▶ **Description of the task**
Apart from the pictures, write out the records that follow exactly.
[[ Extracted entries open ]]
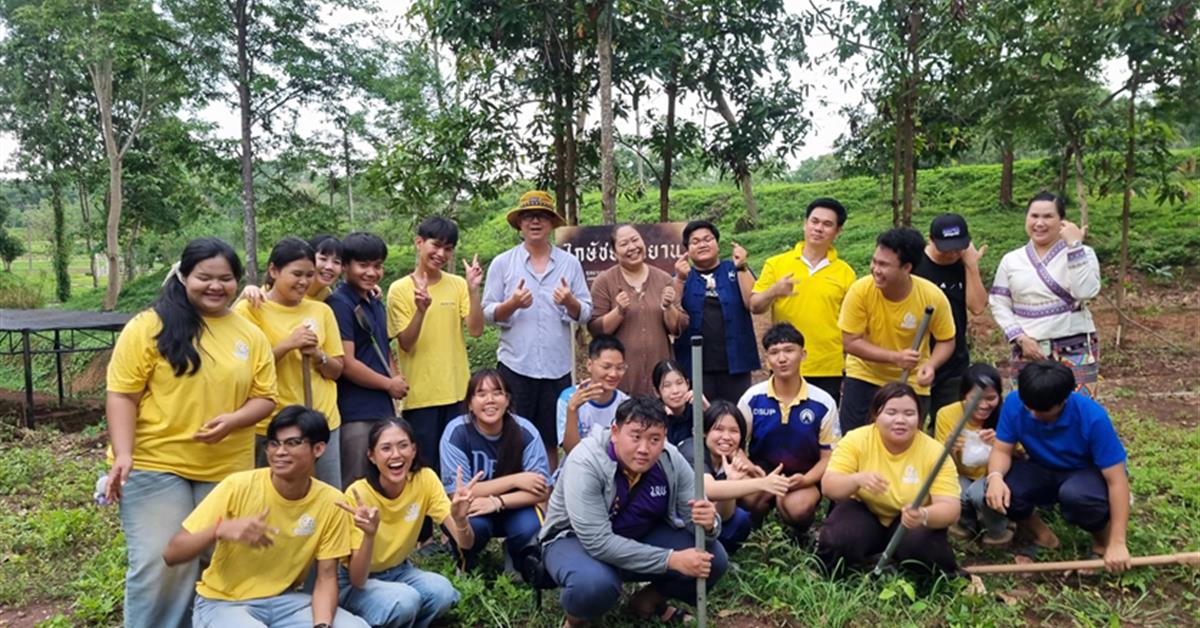 Demonstration School Students Engage in Tree Planting Initiative to Promote Sustainable Development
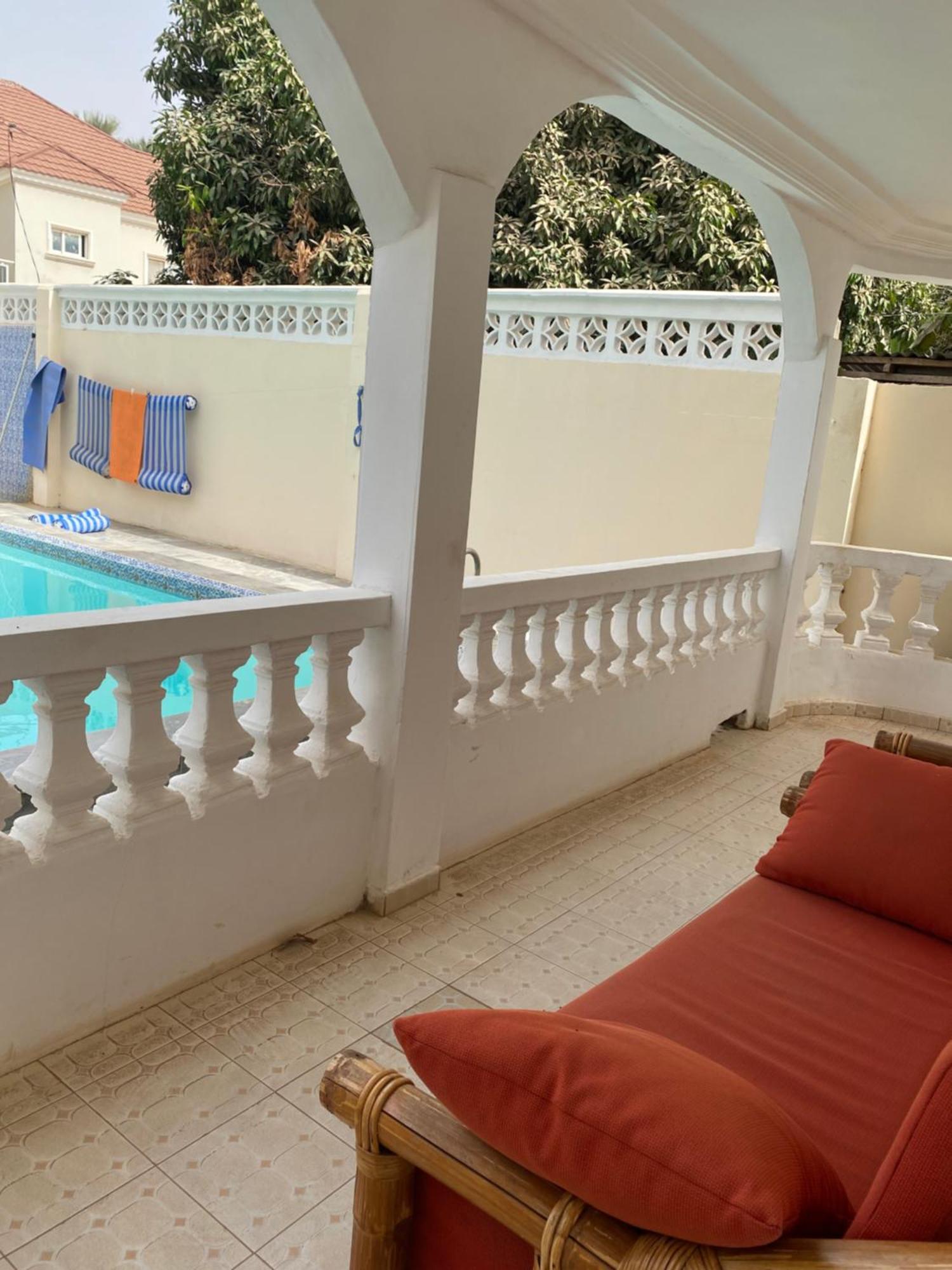 Dabo House Brufut Exterior foto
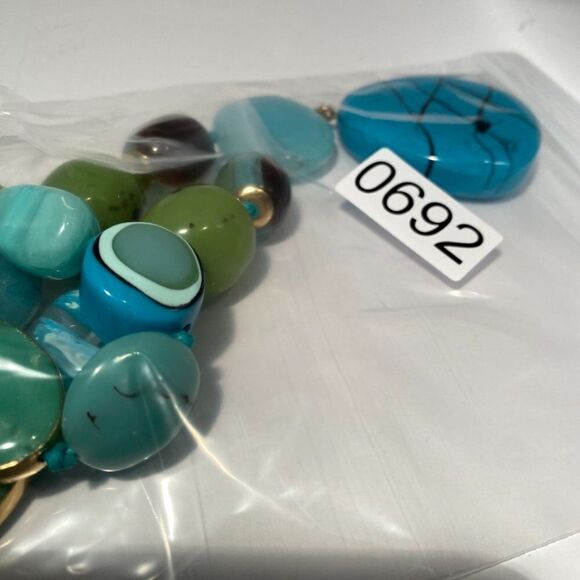 0692 Heavy Blue Stone Necklace with Large Turqoise Center Feature New - Picture 2 of 6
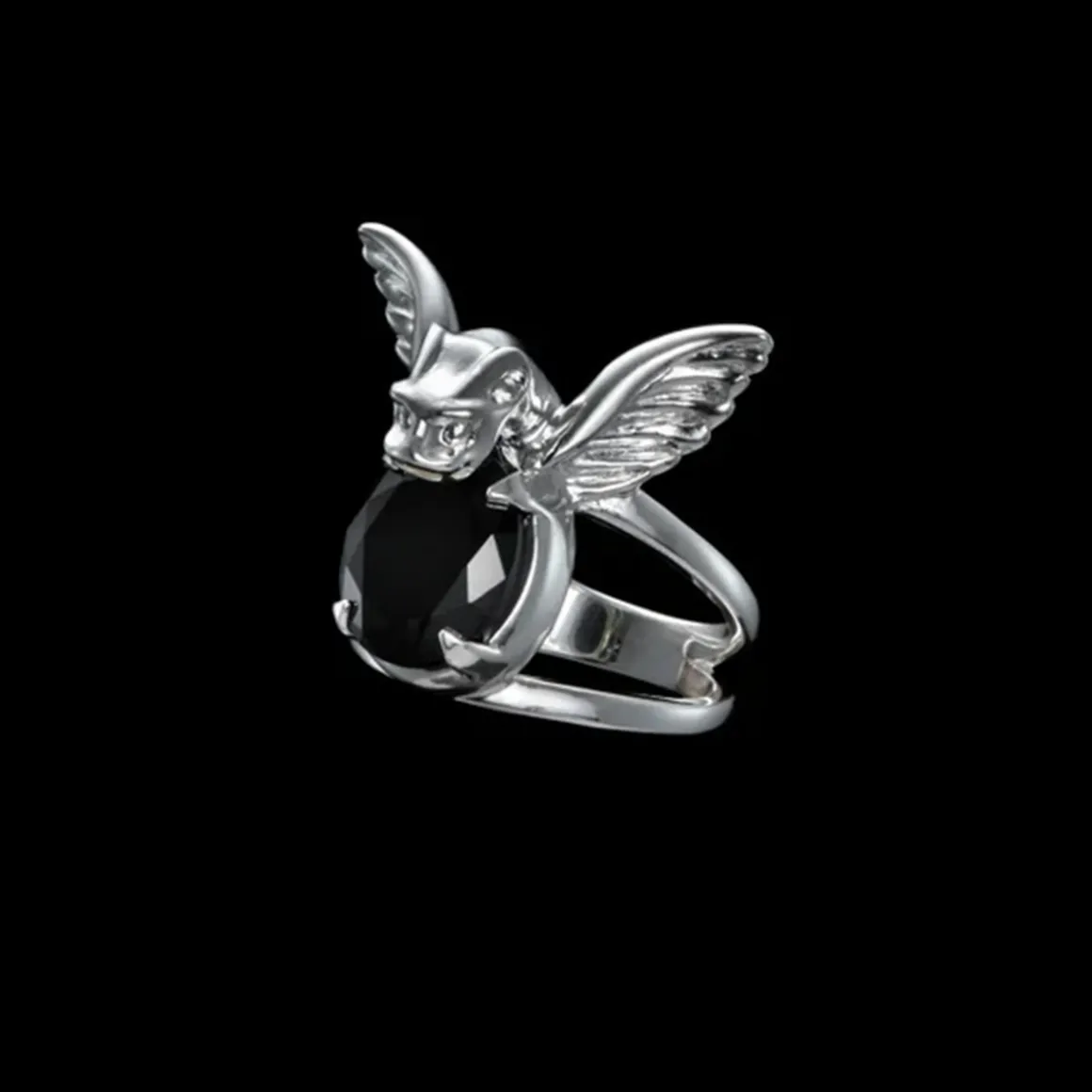 maria_nilsdotter_ring_gar_2.webp MARIA NILSDOTTER RING GARGOYLE SORT SPINELL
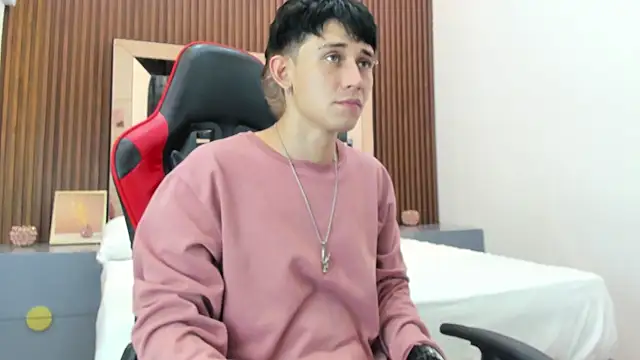 Michael blue online show from 10.11.25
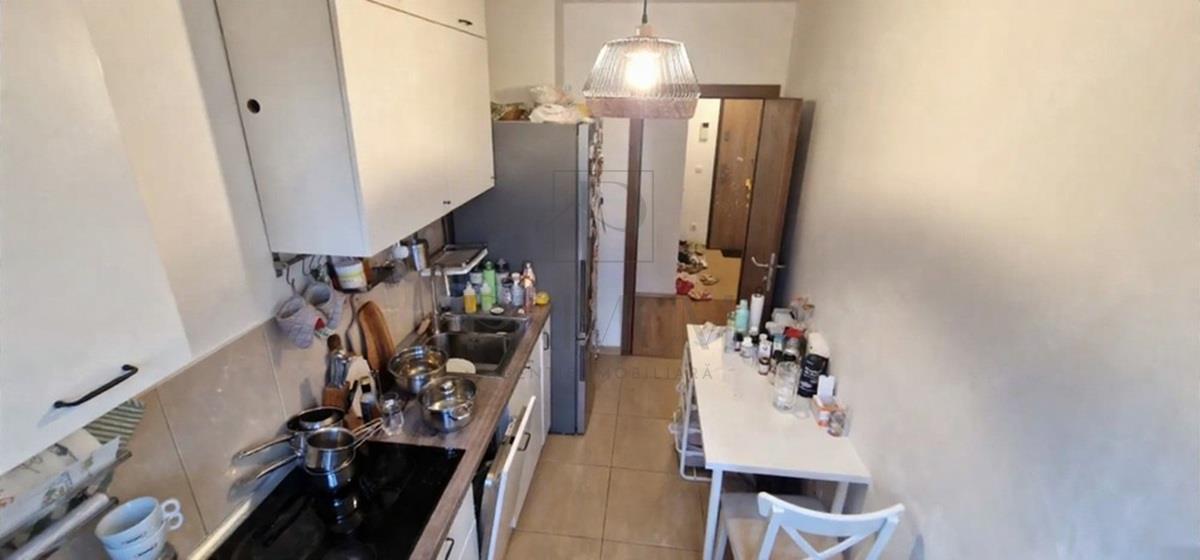 LIPOVEI - 3 CAM - DECOMANDAT - 2 BAI - 2 TERASE - CURTE - PARCARE - ZONA EXCELENTA - foto 2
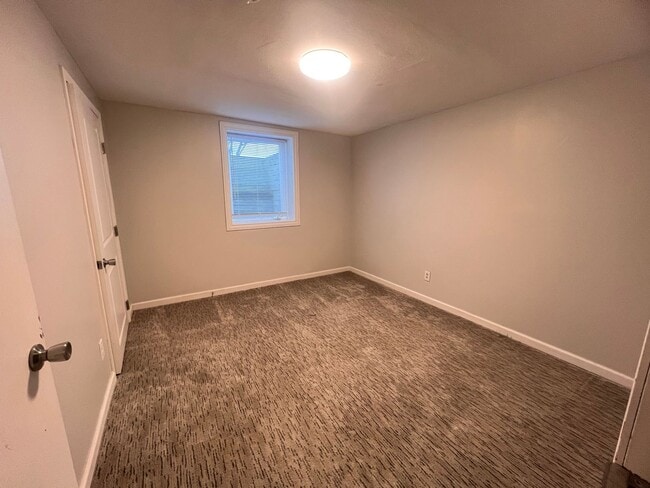 Building Photo - Four Bedroom Duplex in Jenison!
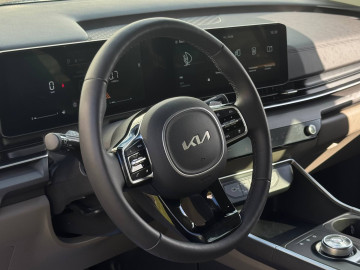 2024 Kia Carnival с пробегом 22 801 км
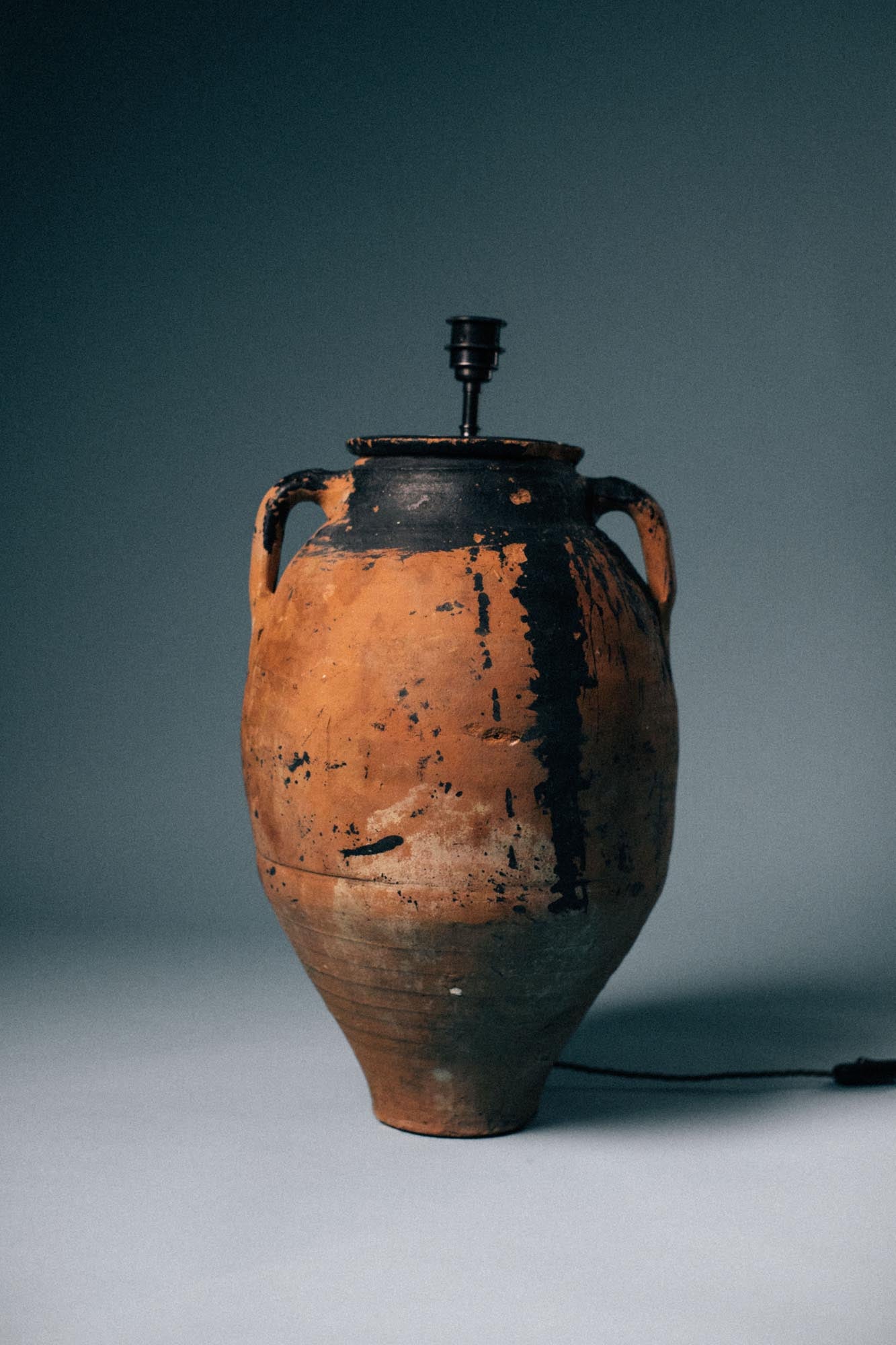 Blackened Glaze Terracotta Table Lamp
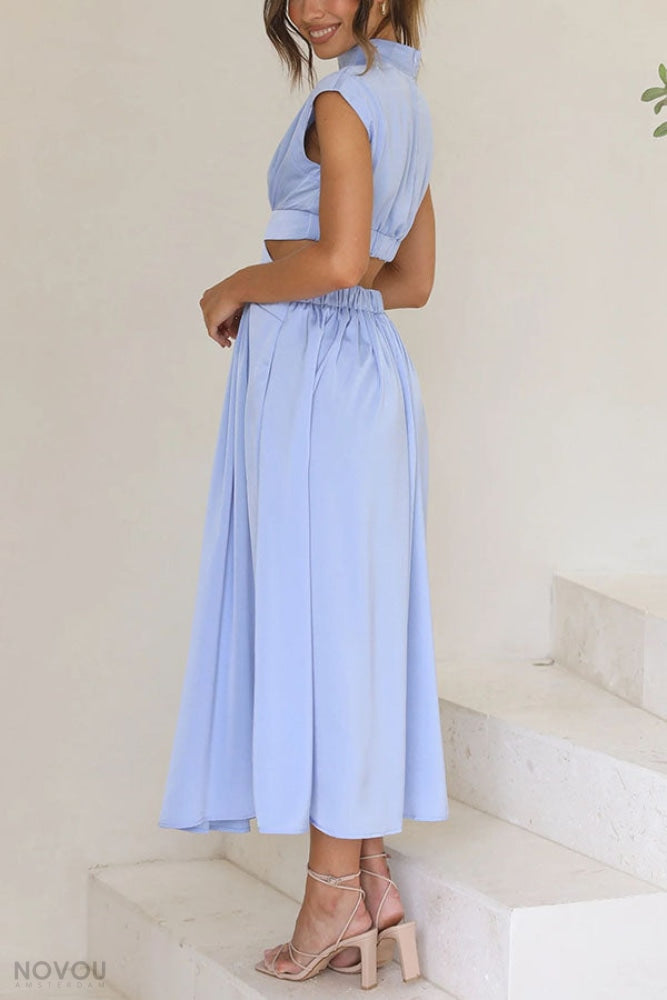 Trendy damesmode: midi zomerjurk met comfortabele col en elegante opening in de taille.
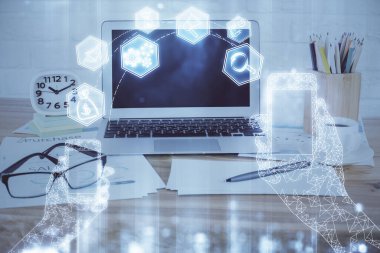 Bilgisayar, teknoloji temalı hologramla birlikte ofiste. Çifte maruziyet. Teknoloji kavramı.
[[ Extracted entries closed ]]
▶ **Answer to the exercise**
 Demonstration School Students Engage in Tree Planting Initiative to Promote Sustainable Development
 Dabo House Brufut Exterior foto
 0692 Heavy Blue Stone Necklace with Large Turqoise Center Feature New - Picture 2 of 6
 maria_nilsdotter_ring_gar_2.webp MARIA NILSDOTTER RING GARGOYLE SORT SPINELL
 Michael blue online show from 10.11.25
 LIPOVEI - 3 CAM - DECOMANDAT - 2 BAI - 2 TERASE - CURTE - PARCARE - ZONA EXCELENTA - foto 2
 Building Photo - Four Bedroom Duplex in Jenison!
 2024 Kia Carnival с пробегом 22 801 км
 Blackened Glaze Terracotta Table Lamp
 Trendy damesmode: midi zomerjurk met comfortabele col en elegante opening in de taille.
 Bilgisayar, teknoloji temalı hologramla birlikte ofiste. Çifte maruziyet. Teknoloji kavramı.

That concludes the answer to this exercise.